* _Problem_
Repeat the records below exactly, leaving out any pictures.

(Captioned web images)
%%

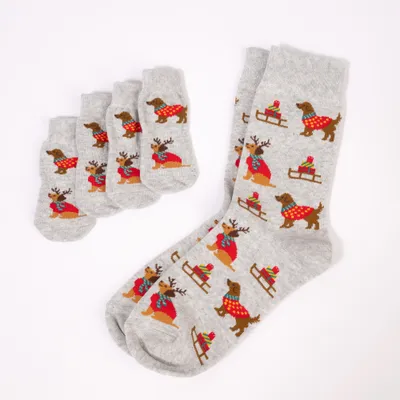 Set aus grauen Socken und vier kleinen Söckchen mit Motiv von Hund im roten Pullover, Rentier und Schlitten mit Geschenken. Set aus grauen Socken und vier kleinen Söckchen mit Motiv von Hund im roten Pullover, Rentier und Schlitten mit Geschenken.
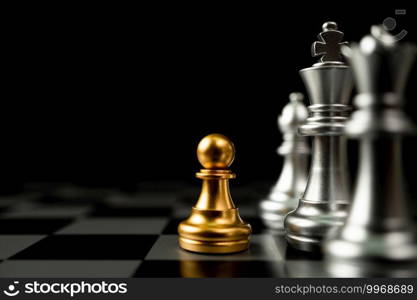 Golden Chess pawn standing in front of other chess, Concept of a leader must have courage and challenge in the competition, leadership and business vision for a win in business games
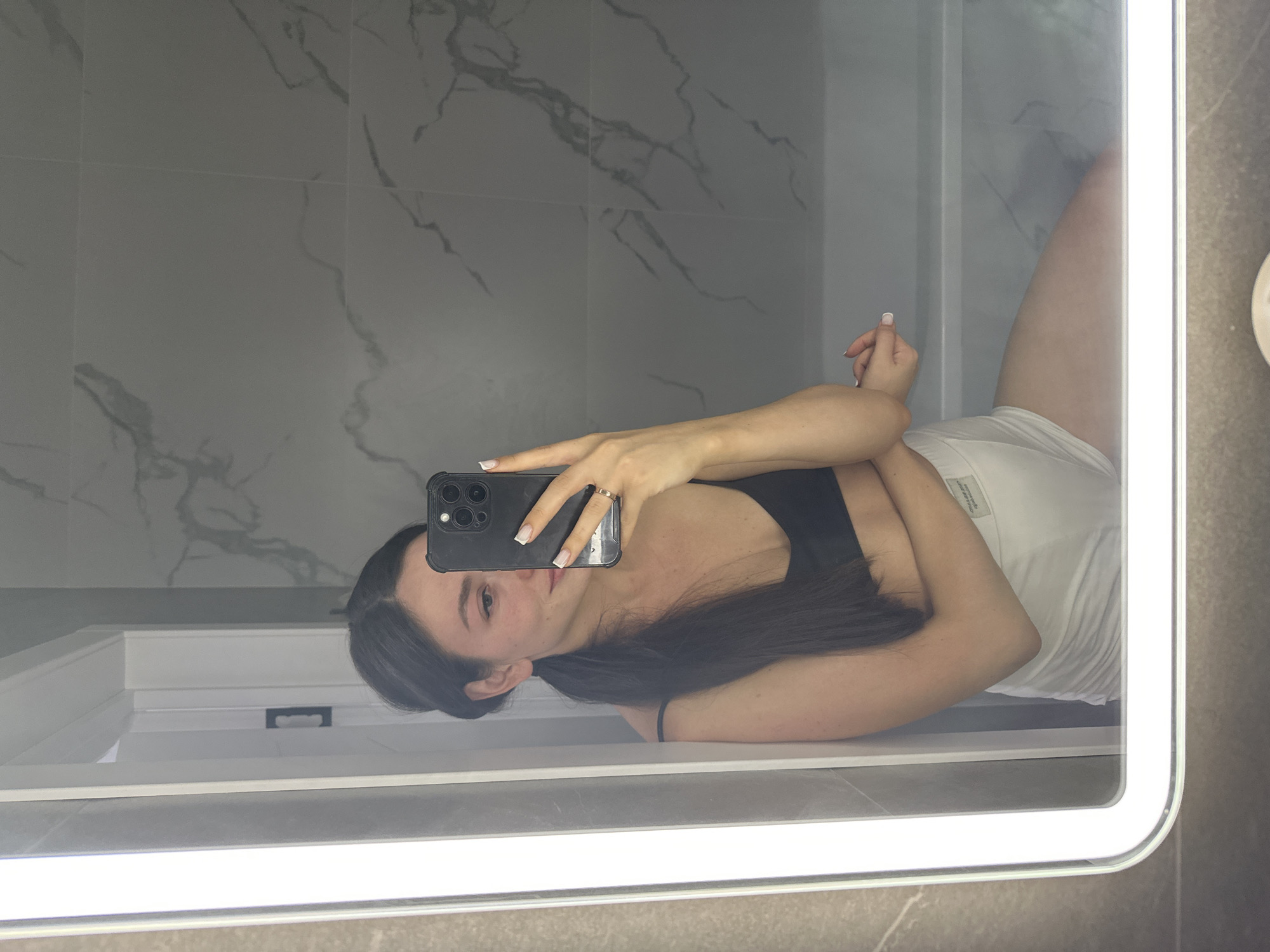 A woman is taking a mirror selfie in a bathroom. She has dark hair pulled back into a ponytail and is wearing a black bra and white shorts. She is holding a black smartphone in her right hand, angled to capture her reflection. The bathroom features marble tile walls and a bright, illuminated mirror. The woman appears to be leaning against a doorframe, with her left arm crossed over her chest and her right arm extended to hold the phone. The reflection shows her face, upper body, and legs. There is no visible indication of the city of Estachi, Russia.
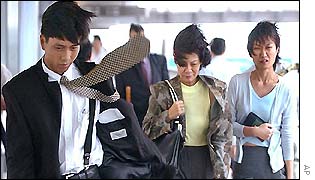 Hong Kong residents walking in high winds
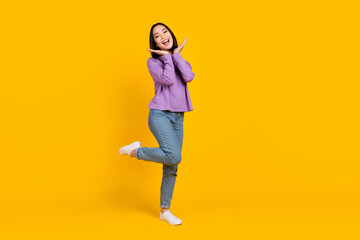 Fototapeta na wymiar Full length photo of excited pretty woman wear violet shirt arms face smiling empty space isolated yellow color background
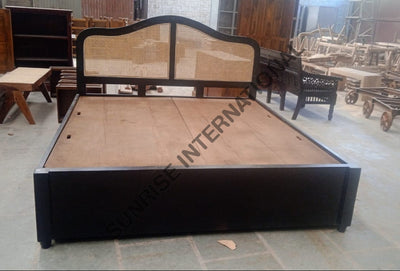 Solid wooden bed with rattan cane headboard and storage drawers, front view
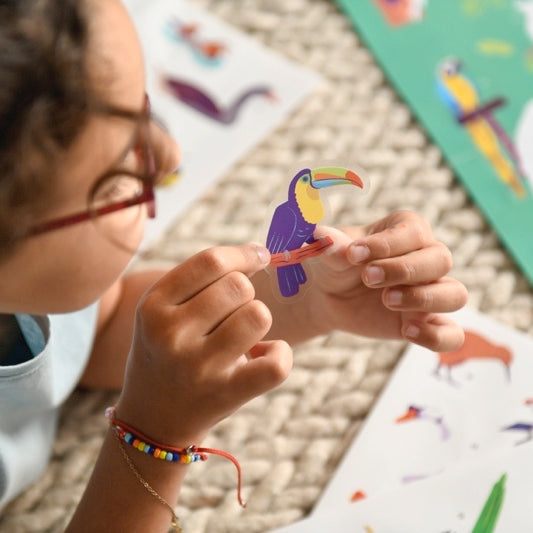 Child arranging bird stickers on Poppik educational poster.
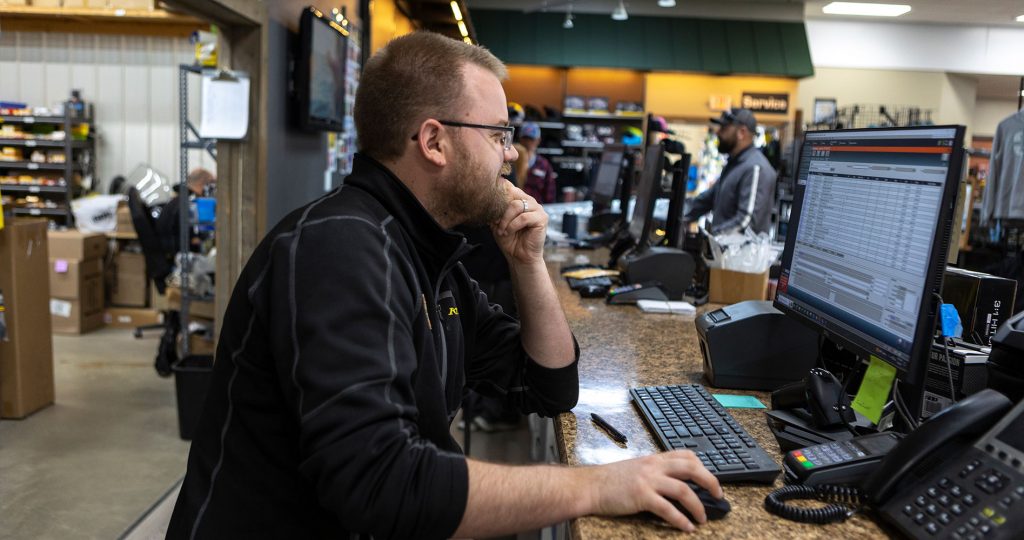 A man looking at a computer monitor behind a service desk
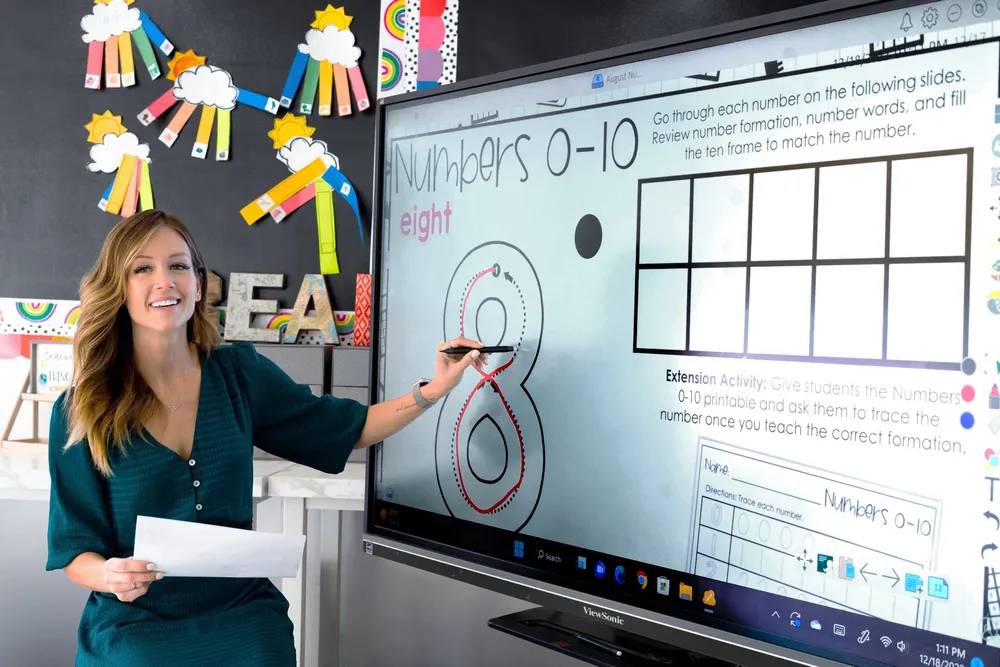 a teacher using the touch screen on a viewboard to instruct the classroom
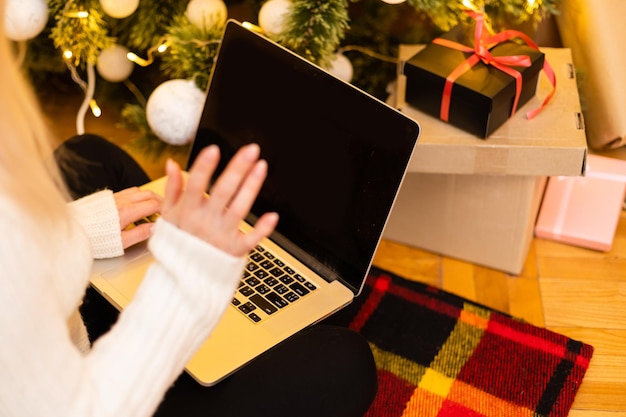 donna con laptop sullo sfondo di un albero di Natale accetta congratulazioni online buon natale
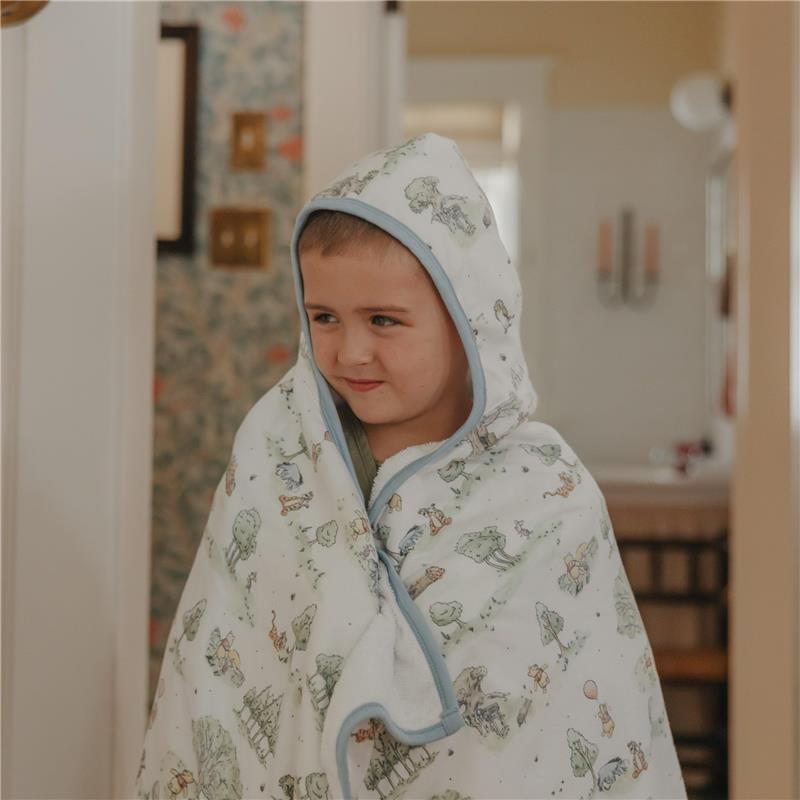 Big kid hooded towel featuring Hundred Acre Wood characters, draped around a smiling child in a cozy indoor setting.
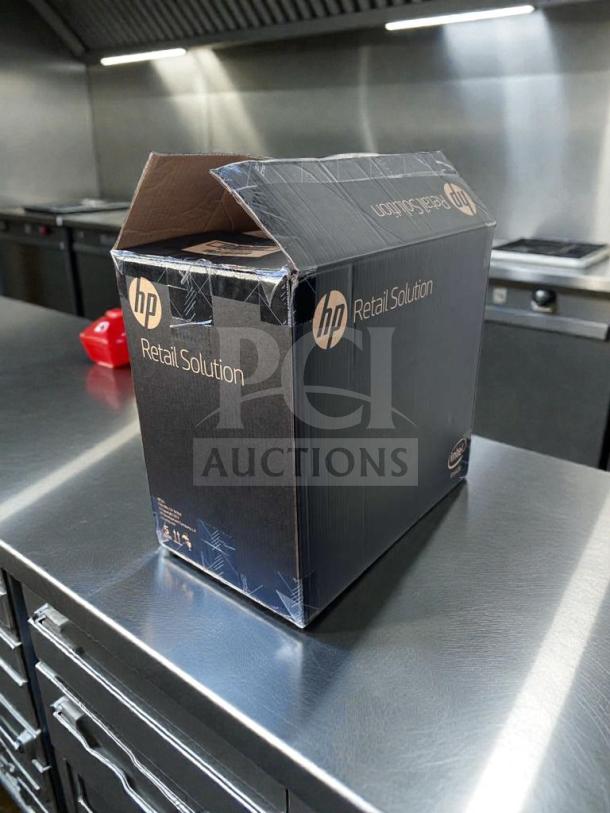 Brand new HP Engage One AIO POS System, Model 145, in original box. UL Listed. Box labeled "HP Retail Solution."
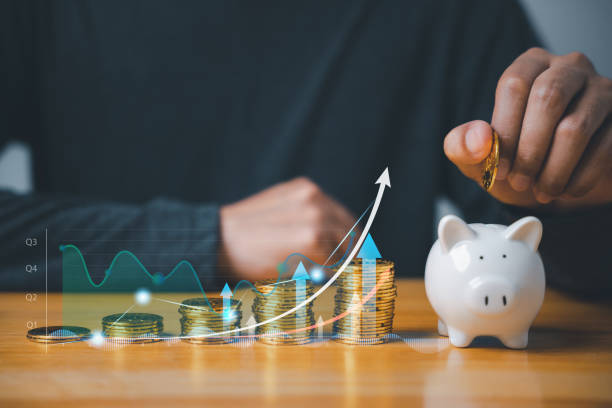 istock businessman saving money in a piggy bank while analyzing investment options on a digital chart 1618102729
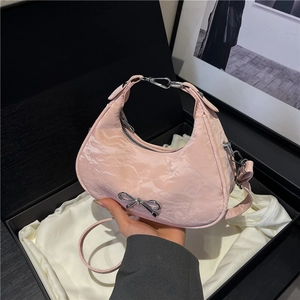 Sac hobo rose avec nœud argenté présenté dans un coffret cadeau élégant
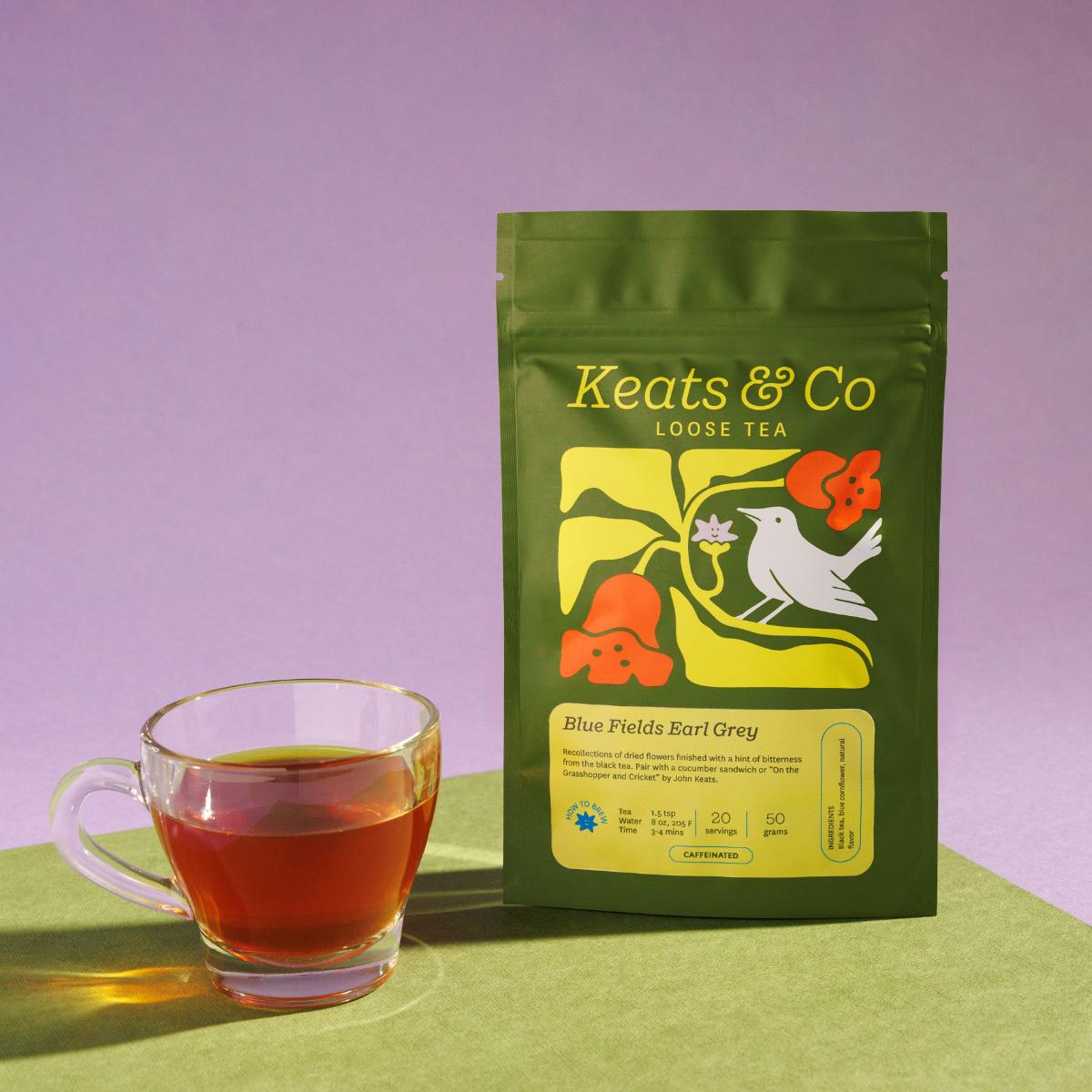 Green pouch of Keats & Co Loose Tea Blue Fields Early Grey against a purple background, featuring illustrated artwork of a white bird and orange flowers, displayed next to a clear glass mug filled with amberish brewed tea on a green surface.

%%

* _Finished exercise_
 Set aus grauen Socken und vier kleinen Söckchen mit Motiv von Hund im roten Pullover, Rentier und Schlitten mit Geschenken. Set aus grauen Socken und vier kleinen Söckchen mit Motiv von Hund im roten Pullover, Rentier und Schlitten mit Geschenken.
 Golden Chess pawn standing in front of other chess, Concept of a leader must have courage and challenge in the competition, leadership and business vision for a win in business games
 A woman is taking a mirror selfie in a bathroom. She has dark hair pulled back into a ponytail and is wearing a black bra and white shorts. She is holding a black smartphone in her right hand, angled to capture her reflection. The bathroom features marble tile walls and a bright, illuminated mirror. The woman appears to be leaning against a doorframe, with her left arm crossed over her chest and her right arm extended to hold the phone. The reflection shows her face, upper body, and legs. There is no visible indication of the city of Estachi, Russia.
 Hong Kong residents walking in high winds
 Fototapeta na wymiar Full length photo of excited pretty woman wear violet shirt arms face smiling empty space isolated yellow color background
 Solid wooden bed with rattan cane headboard and storage drawers, front view
 Child arranging bird stickers on Poppik educational poster.
 A man looking at a computer monitor behind a service desk
 a teacher using the touch screen on a viewboard to instruct the classroom
 donna con laptop sullo sfondo di un albero di Natale accetta congratulazioni online buon natale
 Big kid hooded towel featuring Hundred Acre Wood characters, draped around a smiling child in a cozy indoor setting.
 Brand new HP Engage One AIO POS System, Model 145, in original box. UL Listed. Box labeled "HP Retail Solution."
 istock businessman saving money in a piggy bank while analyzing investment options on a digital chart 1618102729
 Sac hobo rose avec nœud argenté présenté dans un coffret cadeau élégant
 Green pouch of Keats & Co Loose Tea Blue Fields Early Grey against a purple background, featuring illustrated artwork of a white bird and orange flowers, displayed next to a clear glass mug filled with amberish brewed tea on a green surface.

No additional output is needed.